Less than half of all gardaí on duty were engaged in patrolling and high-visibility policing last year, an internal garda audit has found.

It revealed that an average of just 44% of gardaí were in direct contact with the public. The latest annual report of An Garda Siochána’s audit committee expressed concern about the “low” level of gardaí performing frontline duties.

The committee pointed out that both the force’s Policing Plan and the Garda Inspectorate have highlighted the importance of ensuring that the maximum number of gardaí are assigned to high visibility policing duties with “direct contact with the public.” They also recommend that administrative roles should be undertaken by civil servants to the fullest extent possible.

The chairman of the Garda audit committee, Cyril Sullivan, said the findings of an internal survey conducted last year were “very disappointing” in relation to the deployment of civilian staff to roles held by gardaí, especially as 90% of the Garda budget is spent on staffing.

“The committee would like to see greater results in respect of this strategy,” said Dr Sullivan.

Overall, it is estimated that 2,055 gardaí could be removed from desk duties as a result of a new “civilian by default” recruitment policy.

The latest available figures show a total of 49 gardaí have been returned to frontline policing by April 2018.

A Garda spokesman said the force had already accepted that the pace of redeployment had not been as fast as originally anticipated but that plans are in place to accelerate the process.

Commenting on the numbers engaged in fronting policing, he said: “The deployment of personnel on any given day in a division will depend on the policing requirements.

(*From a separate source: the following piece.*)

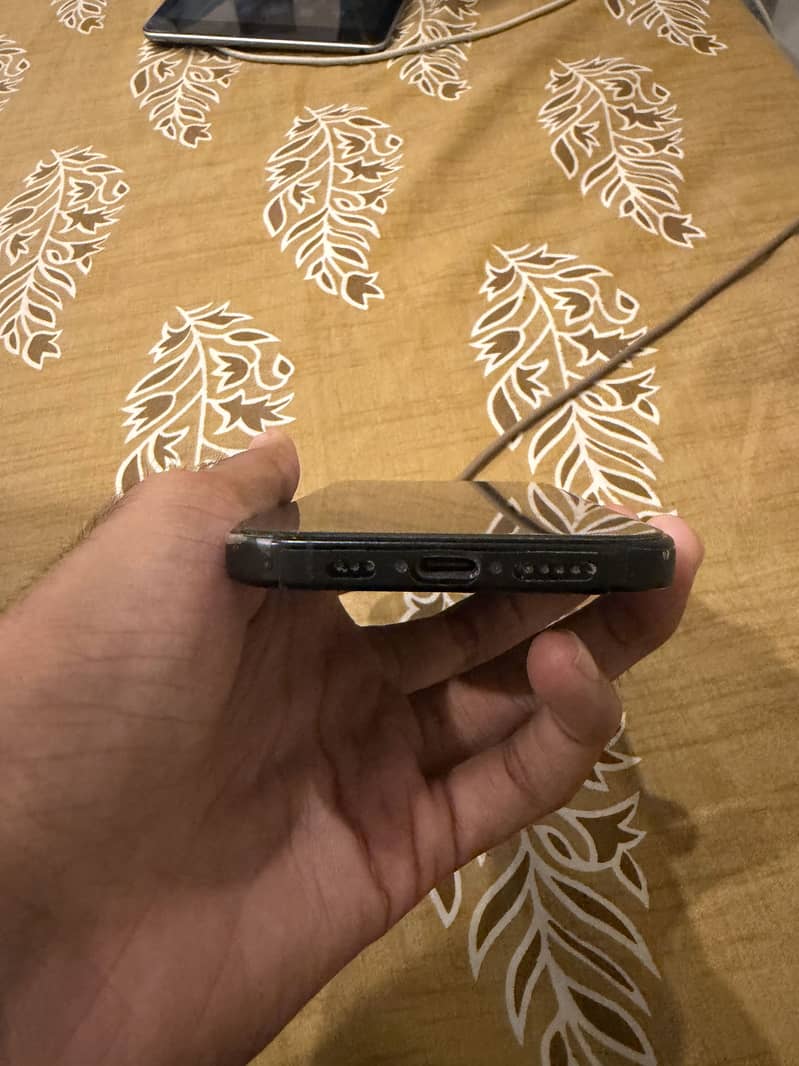 Apple iPhone 16 4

Members not on patrol could be involved in other policing activity such as investigations, providing crime prevention advice and appearing in court.”

The Cork City division has been the biggest beneficiary, with six gardaí in the city returning to operational duties, followed by Dublin South Central with five gardaí.

In its most recently published quarterly report to the Minister for Justice in December 2017, the Policing Authority expressed disappointment at the lack of progress in the civilianisation of the force as figures showed only 14 gardaí at the time had been taken off desk duties and restored to frontline services.

It claimed there had been “a failure to make meaningful progress” on the issue.

Policing Authority chairwoman Josephine Feehily said they continued to be “concerned and frustrated with the lack of pace at which civilianisation and redeployment is happening”.

Following repeated requests for information on the subject from the Policing Authority, Garda management estimated at the start of 2017 that 163 gardaí should be able to return to frontline duties as a result of 500 civilian staff expected to be recruited last year.

Ultimately, only 122 civilian posts were filled.

Garda management submitted business cases for the recruitment of 410 staff, but only 154 had been sanctioned by the Department of Public Expenditure and Reform.

Ms Feehily said a large number of business cases were only submitted late in 2017 with many lacking sufficient detail or quality.

The Garda watchdog also expressed concern that many serving gardaí have spoken with “some cynicism” about exercises aimed at redeployment.